1. Don't wed any database: Today I use MySQL, tomorrow I want to switch to SQLite for tests without rewriting half a line of code.
2. Active Record: Objects must be "smart". For example, an instance of the User class must know how to save itself or delete itself from the database, without having to pass through external managers every time.
3. But above all: It must be easy! If I have to read the documentation to do a simple query, I have failed.

The architecture

To not tie my hands and feet to a single database, let's create levels of separation. These are abstractions that somehow isolate our code from specific database details. Imagine it like this:

1. Connection Layer: It's the physical contact with the DB.
2. Driver Layer: It's the "translator" that knows how that specific database speaks. So, ideally, there will be multiple drivers, one for each database.
3. ORM Layer: It's the interface we see and use in our code.

The driver level

For the driver level (the "translator"), we will use the Strategy Pattern. Simply put, this pattern allows us to define a family of algorithms, encapsulate them, and make them interchangeable. In our case, the "algorithms" are the different ways of interacting with databases (MySQL, SQLite, etc.), allowing the rest of the application to ignore which technology is actually running under the hood.
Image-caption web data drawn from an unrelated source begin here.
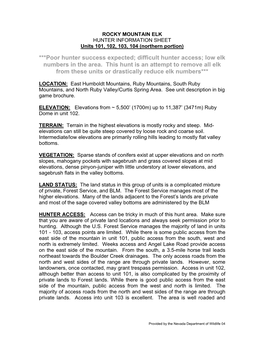 ELK HUNTER INFORMATION SHEET Units 101, 102, 103, 104 (Northern Portion)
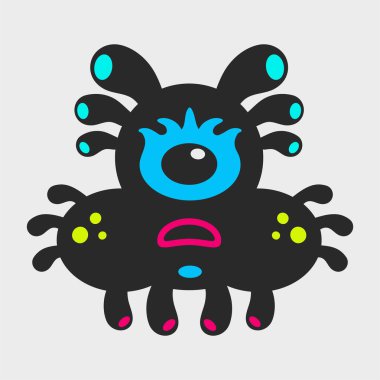 Renkli denizanası canavarı. Komik ve sevimli bir canavar. Düz çizgi film karakteri tasarımı. EPS-10.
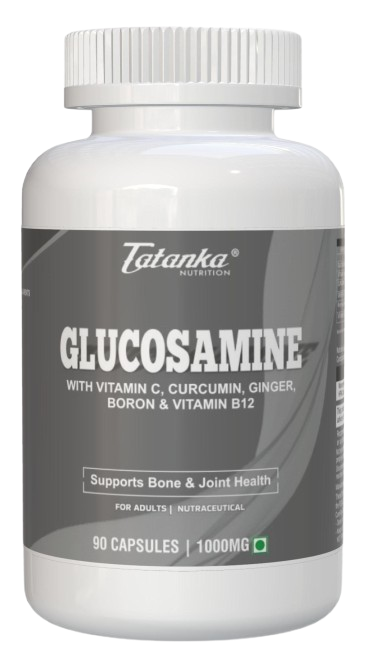 Tatanka Glucosamine 1000mg Capsules – Joint Support Formula with Vitamin C, Curcumin, Ginger, Boron &amp; Vitamin B12 | Bone Strength &amp; Mobility Support | 90 Capsules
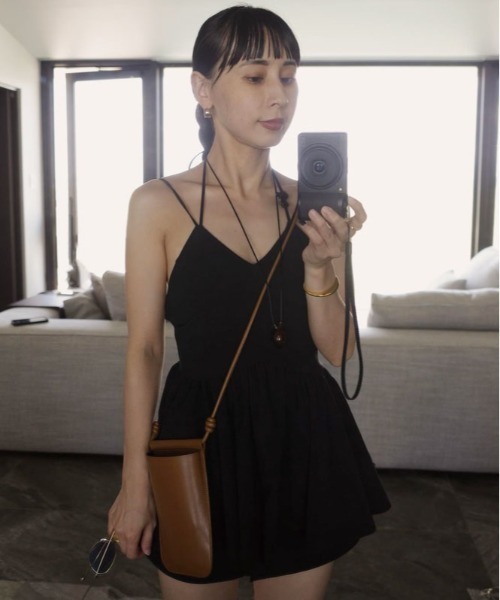 Ameri（アメリ）の「WAVE PEPLUM SWIMWEAR（水着・レディース・ブラック/カーキ/アイボリー・SMALL/MEDIUM）」の6枚目の写真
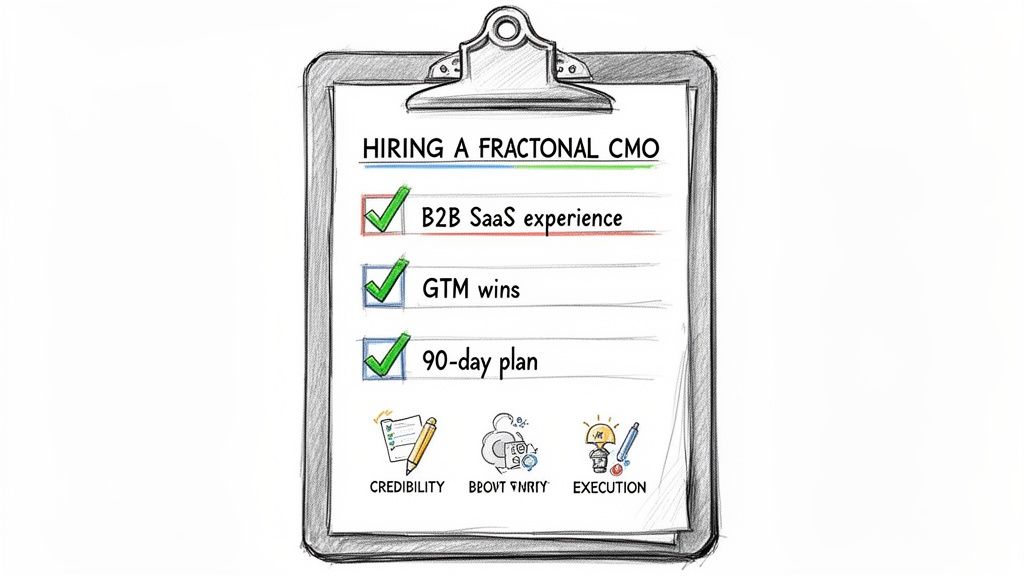 A checklist for hiring a fractional CMO, highlighting B2B SaaS experience, GTM wins, strategy, and execution.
In fact, each database has its own characteristics: MySQL uses backticks ` for column names, PostgreSQL uses double quotes, and SQL functions vary slightly.

In practice, we will define a contract, a DriverInterface.

Warning though: here is where many amateur ORMs fall into the SQL Injection trap. If our driver merely returned a SQL string with values concatenated inside (e.g., "... WHERE id = " . $id), it would be enough for a malicious user to insert ' OR '1'='1 to breach our database.

For this reason, our Driver must not return only the SQL, but must separate the query structure from the data. We will use Prepared Statements (or Parameter Binding). The driver will generate a SQL string with "placeholders" (like ? or :value), and return the real values separately. It will then be PDO's job to join them safely.

interface DriverInterface
{
    public function connect(string $host, string $db, string $user, string $pass): \PDO;

    /**
     * Compiles a Select and returns a structure containing SQL and Bindings.
     * @return array{0: string, 1: array} Example: ['SELECT * FROM users WHERE id = ?', [1]]
     */
    public function compileSelect(string $table, array $columns, array $wheres): array;

    public function compileUpdate(string $table, array $values, array $wheres): array;
}

Using this approach, if tomorrow I want to add support for SQL Server, I simply create a SqlServerDriver. He will know that for limits and offsets he must use a different syntax than MySQL, but in the end, he will always return a clean array: [SQL string, Parameters array]. The ORM core will remain safe and unaware of everything.

The connection level

To handle the connection (Database.php), we will use a Singleton (or almost), accessible statically.

class Database
{
    private static ?\PDO $pdo = null;

    public static function init(DriverInterface $driver, /* ... */)
    {
        // ... initialization ...
    }

    public static function getConnection(): \PDO
    {
        return self::$pdo;
    }
}

This implementation might make architecture purists turn up their noses. Indeed, books say global static state is absolute evil. It makes tests harder and hides dependencies. But then why are we doing it?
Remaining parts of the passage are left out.